Training, interviews and work experience. Sometimes it seems like landing your dream retail job is a heck of a lot of work, but never fear, organisations like the National Skills Academy for Retail can help plug the gaps in your skill set with their specialised training programmes.
RetailChoice.com caught up with Jane Rexworthy, Head of the NSA, to find out more...
Q. What skills are employers looking for and can training fill a skills gap?
A. The retail industry is all about customer service, so it’s no surprise that the key competencies recruiters seek continue to be teamwork, leadership and communication.
There are a number of training programmes and qualifications dedicated to customer service and management which can be found through the National Skills Academy for Retail’s network of retail skills shops.
Q. Store Managers – what training and development is available?
A. As the name implies, store management jobs offer impressive opportunities to develop and hone managerial skills. Graduate training schemes are a common way to get into retail manager jobs at store level.
Some national retail businesses run trainee management schemes for graduates (most degrees are accepted). These are usually a combination of skills training and work placement in one or more of a company's stores – individuals undertaking this path normally enter a store manager position after developing experience as a department manager and/or deputy manager during their training.

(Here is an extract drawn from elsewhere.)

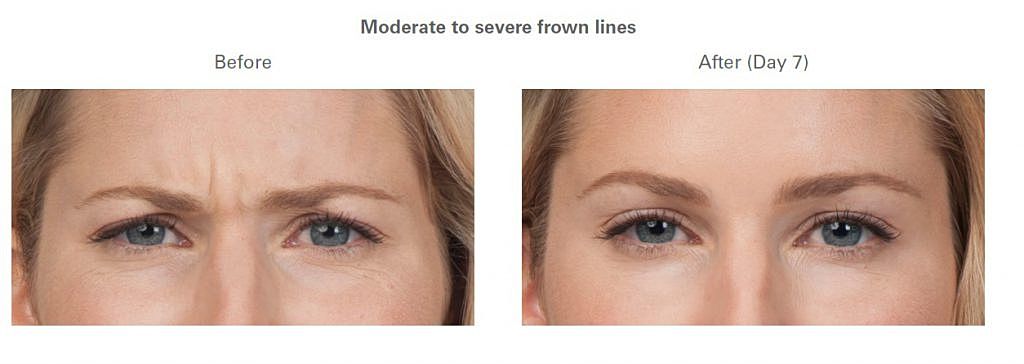 things to know before getting botox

A store manager is responsible for the day-to-day management of a store/retail outlet in accordance with overall company policy. The main focus of any retail manager's job is to improve the commercial performance of the store by increasing its turnover and maximising profitability. The major parts of the job include managing and motivating staff, finding new ways to improve sales, and meeting customer demand.
Q. Retail Buyers – What career opportunities are available as a buyer?
A. Job opportunities are available with high street retailers, supermarkets, retail chains and independent retailers, department stores, discount and DIY/home improvement stores, mail order companies, internet retailers and television shopping channels. Smaller retailers may combine buying jobs and merchandising jobs into a general retail management position.
A retail buyer is responsible for planning, selecting and purchasing quantities of goods and merchandise that are sold in retail stores. Most buyers specialise in one product type, for example clothes, fashion accessories, food and drink, or books. Within an organisation, buyers are generally responsible for one area, category or brand such as teenage girls' handbags, chocolates or own-brand detergents.
Those in retail buying jobs need a clear understanding of the customers they are buying for, the prices they are willing to pay and the likely demand for products. Reacting to, and most importantly forecasting market trends and changes in demand, are key aspects of the job.
Q. How can a candidate make themselves stand out against the competition?
A. Every candidate has the potential to be successful, but it requires good preparation. It’s important to do research on employers and find out what skills, competences and experiences they expect candidates to possess. So, use all the resources that are available to find out as much as possible. The more the candidate knows about an employer and the position, the greater their advantage will be.
Work experience is valued by employers and it also demonstrates that someone is serious about the job you being applied for.
Q. What interview skills are important?
A. In an interview, the CV (or application form) should act as guidance notes which then need to be expanded on. If the candidate has said they are highly organised or good under pressure, the interview is the chance to give real examples to corroborate the facts.
Again, retail skills shops that are members of the National Skills Academy for Retail are always on hand to offer information and guidance on interviews and interview techniques.
Q. Are there any current retail trends that candidates should be aware of and gain knowledge about?
A. I would strongly recommend reading sector magazines such as Retail Therapy. These are also read by the top people in the business and really give you a flavour for how the current market is and what new trends are up and coming.
It is worth candidates noting that in the recent recession, footwear jobs were the hardest hit area of retail. This fact should not discourage job applicants but instead give them an opportunity to expand on how they would envisage bolstering sales and profits.